Today we operate in a fast paced, ever changing work environment fuelled in many respects by advances in technology.
As a result, the lines between our work and personal lives are blurring and our approach to work has to constantly adapt to our changing lifestyles.
For those people who’ve taken time off to raise children, care for a family member, or who have taken an extended break for other reasons, a return to the workplace can be daunting.
This is where companies can help. By supporting prospective returners through their journey back to working life, and instilling in them the confidence and motivation to return, employers can tap a wealth of diverse, “lost” talent.
Support is key
Returning to work after a career break can be intimidating, with people often feeling unsure about where to look for job opportunities or how to manage the application process. But there are a number of ways that prospective employers can lend their support.
For example, career workshops can provide a forum for giving practical advice on how to search for jobs, update CVs, identify transferable skills and manage interview and assessment processes.
Once in the work environment, companies can help establish a support system for returners, introducing them to people they can meet with regularly to discuss their professional and personal development as well as connecting them to employee networks.
If your workplace doesn’t have one already, creating an alumni network of past returners is another great way for people to share their experiences and recognise that they are not alone in their ambition to return to work.
Time out from the workplace can often result in a loss of “career identity” and the feeling that knowledge or technical skills are not up to scratch.

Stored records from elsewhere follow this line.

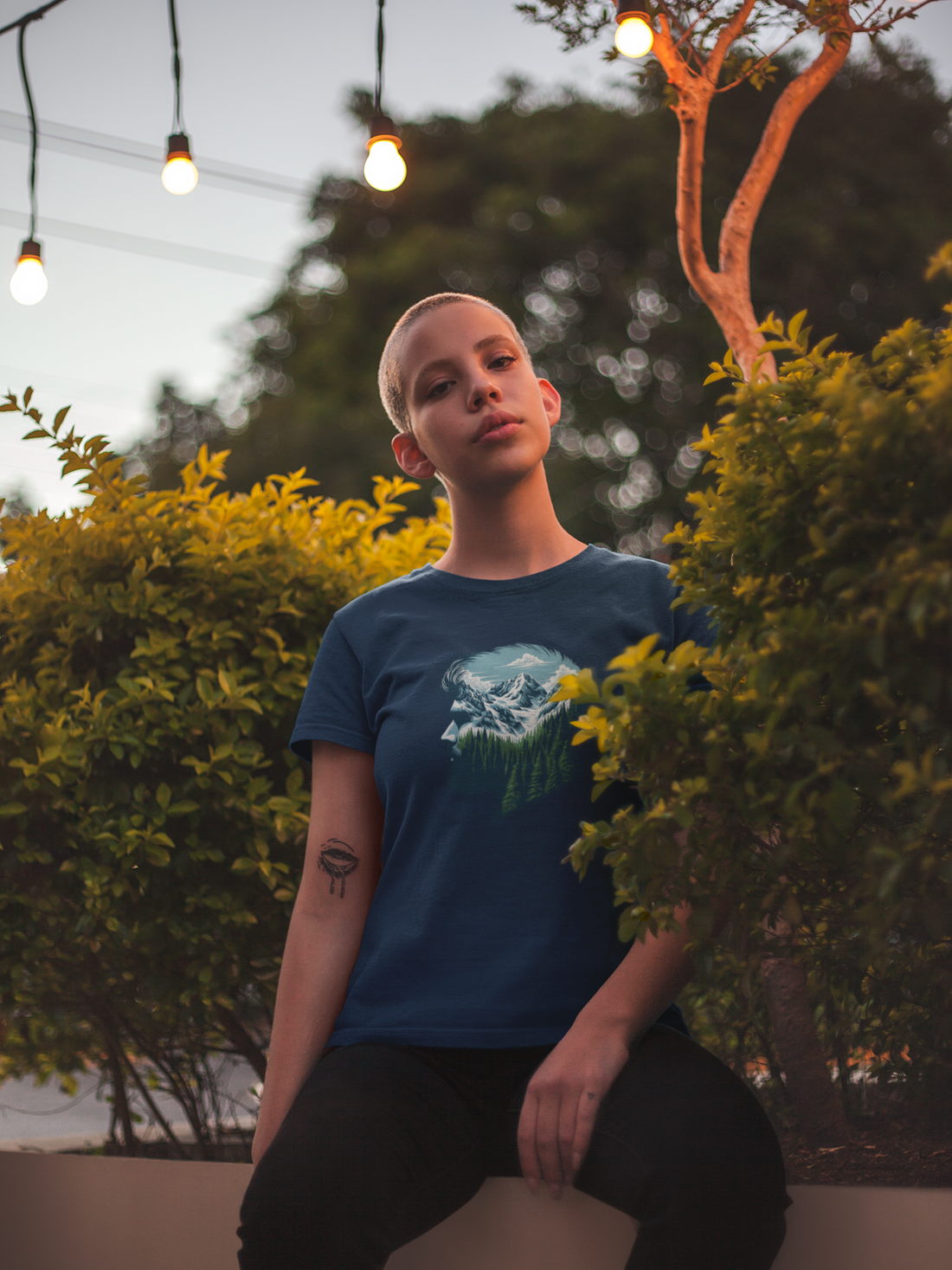 Higher Blanks T-Shirt Woman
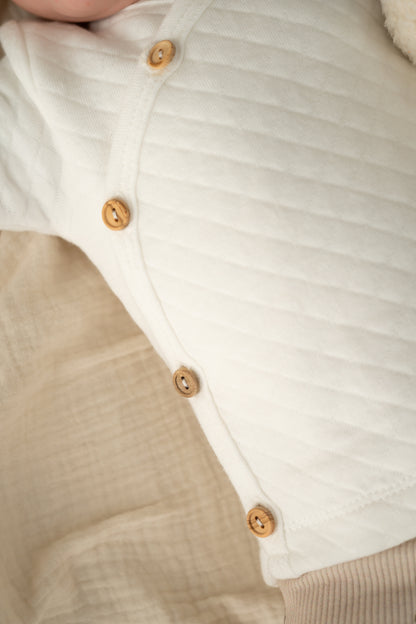 Overslagshirtje buttons Ecru (Quilt)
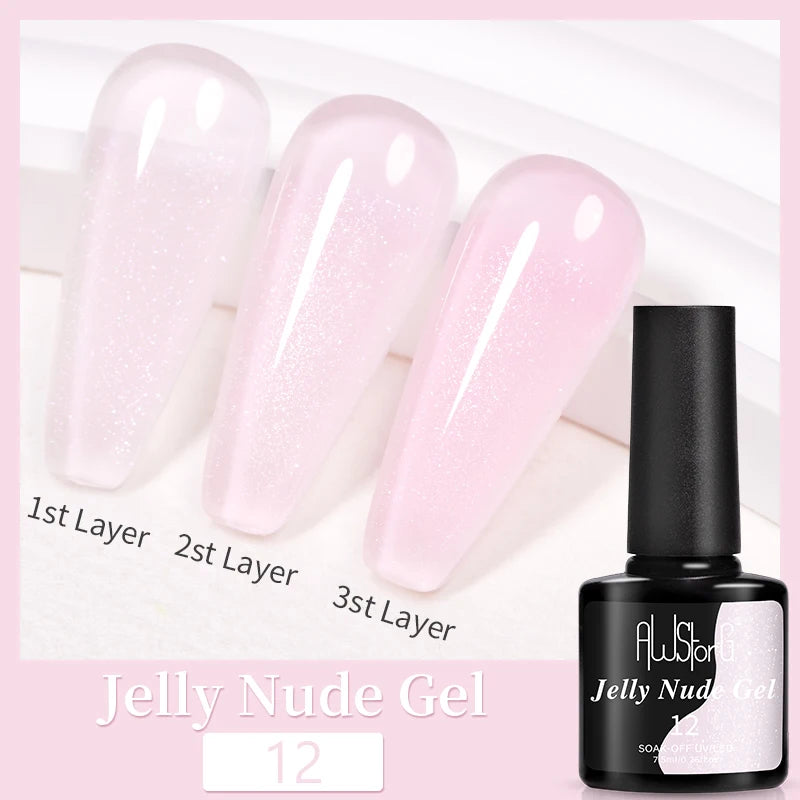 7.5ML Pink Blue Nail Gel Cat eye Semi Permanent Nail Art Soaking UV LED Nail Salon DIY Nail Salon Gel For Autumn And Winter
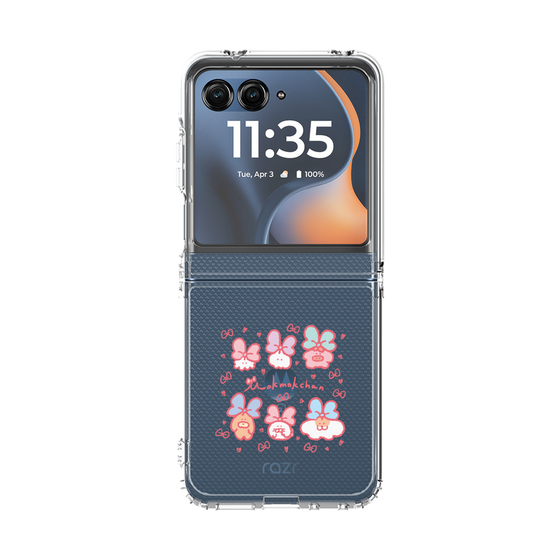 クリアケース［ もくもくちゃん - リボン ］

This is often down to a lack of confidence on the part of the returner which can easily be restored through a robust and supportive returner programme.
Companies should be clear to the returner that they are joining a team or an organisation that values the fresh perspective and skills they bring. Build their confidence by exposing them to opportunities to demonstrate their existing skills and expertise, balancing this with support and encouragement to engage in workplace development opportunities to acquire new skills and knowledge. Both formal programmes and work-shadowing are effective ways of getting them quickly up to speed and adding further value.
Striking a balance
It’s important for the employer to be aware of a returner’s personal commitments too – for example looking after young children or an elderly relative – and to be open to discussions with the returner on how they will best manage their time and energy.
Employers should be understanding of existing commitments and work together with their employees to agree how work deliverables can be successfully achieved. Regular communication will help to ensure that arrangements are successful and will enable further adjustments as required.
Companies should try to encourage flexibility where possible – if a returner has family commitments, would it work for them to remote into the office once a week? How much of their role requires face-to-face interactions? How can you use technology to enable more flexible working?
Neeha Khurana is international head of talent at Bank of America Merrill Lynch.